William Pesek’s intelligent and interesting June 6 article, “Hashimoto flourishes in a Japan tired of status quo,” attempts to explain Osaka Mayor Toru Hashimoto’s views as Pesek himself interprets them, but perhaps not as Hashimoto sees them.

Pesek is right to state that he finds some of Hashimoto’s platform “borderline creepy,” his party’s training for aspiring leaders smacking of nationalism, his “inquisition against teachers who refuse to stand and sing” the national anthem “rightwing silliness,” and his attitude toward tattoo-bearing city workers “just weird.”

I agree that we should not compare Hashimoto to Adolf Hitler, but we must keep a wary eye fixed on any politician who sets out and then puts into practice theories that are “borderline creepy” and “weird” and that “smack of nationalism” and “rightwing silliness” along the lines of Tokyo Gov. Shintaro Ishihara.

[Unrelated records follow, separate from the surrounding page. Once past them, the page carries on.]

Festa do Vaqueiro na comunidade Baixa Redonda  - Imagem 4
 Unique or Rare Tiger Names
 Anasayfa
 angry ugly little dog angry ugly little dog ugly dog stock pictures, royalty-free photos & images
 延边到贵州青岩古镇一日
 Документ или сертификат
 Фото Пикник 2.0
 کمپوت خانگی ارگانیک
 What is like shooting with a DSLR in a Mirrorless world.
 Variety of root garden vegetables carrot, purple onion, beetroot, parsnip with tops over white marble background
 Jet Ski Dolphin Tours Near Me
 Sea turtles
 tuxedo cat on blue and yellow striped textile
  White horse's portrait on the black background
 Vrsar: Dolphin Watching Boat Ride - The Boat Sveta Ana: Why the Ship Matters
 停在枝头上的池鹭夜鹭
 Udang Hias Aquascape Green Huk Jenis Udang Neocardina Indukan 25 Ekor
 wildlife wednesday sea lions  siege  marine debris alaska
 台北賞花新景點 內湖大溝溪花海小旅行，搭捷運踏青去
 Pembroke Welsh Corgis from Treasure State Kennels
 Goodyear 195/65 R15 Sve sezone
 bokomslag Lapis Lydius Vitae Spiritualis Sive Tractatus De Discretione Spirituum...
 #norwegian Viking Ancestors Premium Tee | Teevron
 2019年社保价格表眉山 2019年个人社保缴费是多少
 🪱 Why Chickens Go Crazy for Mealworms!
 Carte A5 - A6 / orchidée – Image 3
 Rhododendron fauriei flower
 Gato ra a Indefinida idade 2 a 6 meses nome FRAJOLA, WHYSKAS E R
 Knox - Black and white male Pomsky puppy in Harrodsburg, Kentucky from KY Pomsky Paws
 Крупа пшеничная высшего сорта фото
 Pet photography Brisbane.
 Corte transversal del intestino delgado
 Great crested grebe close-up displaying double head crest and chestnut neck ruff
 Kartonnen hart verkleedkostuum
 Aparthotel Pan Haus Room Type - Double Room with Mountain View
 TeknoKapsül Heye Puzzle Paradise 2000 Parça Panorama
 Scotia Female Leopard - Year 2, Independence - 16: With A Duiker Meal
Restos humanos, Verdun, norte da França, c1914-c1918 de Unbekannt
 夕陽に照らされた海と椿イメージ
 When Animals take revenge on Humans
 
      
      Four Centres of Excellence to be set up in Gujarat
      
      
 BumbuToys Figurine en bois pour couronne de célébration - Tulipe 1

“Hashism” may indeed be in its embryonic stage, but we must guard against its spreading from a relatively few acolytes into the body of Japan. The eloquence of great orators can inspire or abhor us, lead us to greatness or destruction, but we must never forget that we must know a man by his works and not by his words.

We must closely watch and evaluate this young man now and not be blinded by his rhetoric. It may be too late to do so later!

The opinions expressed in this letter to the editor are the writer’s own and do not necessarily reflect the policies of The Japan Times.